Der vergleich zum klärschlammverfahren ist nicht so glücklich gewählt da bei helix & co wohl ehr das biofilm verfahren in die nähe kommt. Diese variante läuft auch schon perfekt an teichen bei deutlich reduzierten platzbedarf und wartungsaufwand, wobei die klärschlamm methode für teiche keine bedeutung hat.

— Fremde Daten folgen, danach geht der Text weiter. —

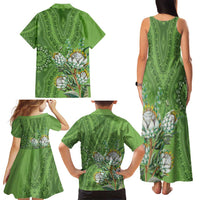 Africa King Proteas Dashiki Motif Family Matching Tank Maxi Dress and Hawaiian Shirt Green Style - Wonder Print Shop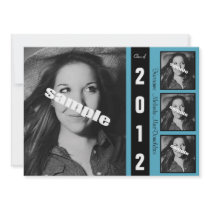Modern Black White & Blue Graduation Announcement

Zu den durchrauschen, ein einfacher vergleich, wo hat man das sauberste wasser in einen rauschenden bach oder in einen stehenden tümpel, woraus würde man wohl seinen durst stillen wollen? Anregungen sollten immer dort geholt werden wo die meiste erfahrung vorliegt. Das ist aber leider nicht unbedingt bei den teichbauern vorhanden. Schaut mal bei den jungs vorbei die sich mit glaskisten im wohnzimmer beschäftigen. Dort beschäftigt man sich schon über 100 jahren mit der problematik, nicht erst seit 20 jahren. Hier ist es standart das dass behältervolumen 2 x pro stunde den filter passiert, habe auch schon anlagen gesehen mit 5 x/h. Der leitsatz heist erwische ich das belastet molekül nicht beim ersten mal kommt es gleich noch mal vorbei, je öfter je höher die warscheinlichkeit. Viele gut gepflegte aquarien beweisen das es geht. Auch an teichen funktioniert das, nur jemanden zu verklickern, wie hier bei frank, den filter mit stündlich 100m³ zu fahren dürfte etwas schwer werden. Alleine schon vom kostenfaktor her, da wäre man mit ca. 1kw pro stunde dabei, aber es existiert die technik es mit ca. 0,3 kw zu bewerkstelligen. Womit wir wieder bei o. g. angekommen sind, aber werbeetats wie für den roten bullen sind noch nicht in sicht.

gruß luci


----------



## derschwarzepeter (28. Feb. 2011)

*AW: Wasserumwälzung  bei 50m3 warum große Pumpe*

Hi Luci,
freut mich, von dir zu lesen! Ich musste sehr lachen, 
als ich das mit dem "edlen Carbon- und Edelstahlkleid" für Mammutpumpen gelesen hab,
aber ich habe doch tatsächlich schonmal im web gesehen,
dass eine Firma eine Mammutpumpe für Teiche um knapp 800 € anbietet. 
Weil´s grad so schön zum off topic passt:
Heute haben wir die Aquarienanlage für einen Freund geplant, der doch viele Jahre trocken war.
Auf seine Frage nach dem Filter habe ich im den Hamburger Mattenfilter nahegelegt
und als alter Hase hat der dessen enorme Vorteile gleich erkannt.
(enorme Abbauleistung, kein Ansaugen von Jungfischen und Futtertieren, 
keine Schläuche oder Geräte außerhalb des Aquariums, lange Standzeit, einfache Wartung, ...)
Dass der so nebenbei erschütternd billig ist (wenige Prozente der spacigen Filter aus dem Handel),
schadet ja nicht, oder?
Werbung dafür wird aber natürlich kein Händler machen!  

Zum Thema:
Wie du ganz richtig festgestellt hast, ist meine Erklärung stark vereinfacht und verkürzt,
bringt aber doch des Pudels Kern auf den Tisch. (Eine Moderatorin wollte, dass ich mich kürzer fasse.)
Den Vergleich mit dem Klärschlammverfahren habe ich gebracht, weil ich damit zeigen wollte, 
dass der hohe Sauerstoffgehalt nicht zwangsläufig nur mit hohen Volumenströmen erreicht werden muss.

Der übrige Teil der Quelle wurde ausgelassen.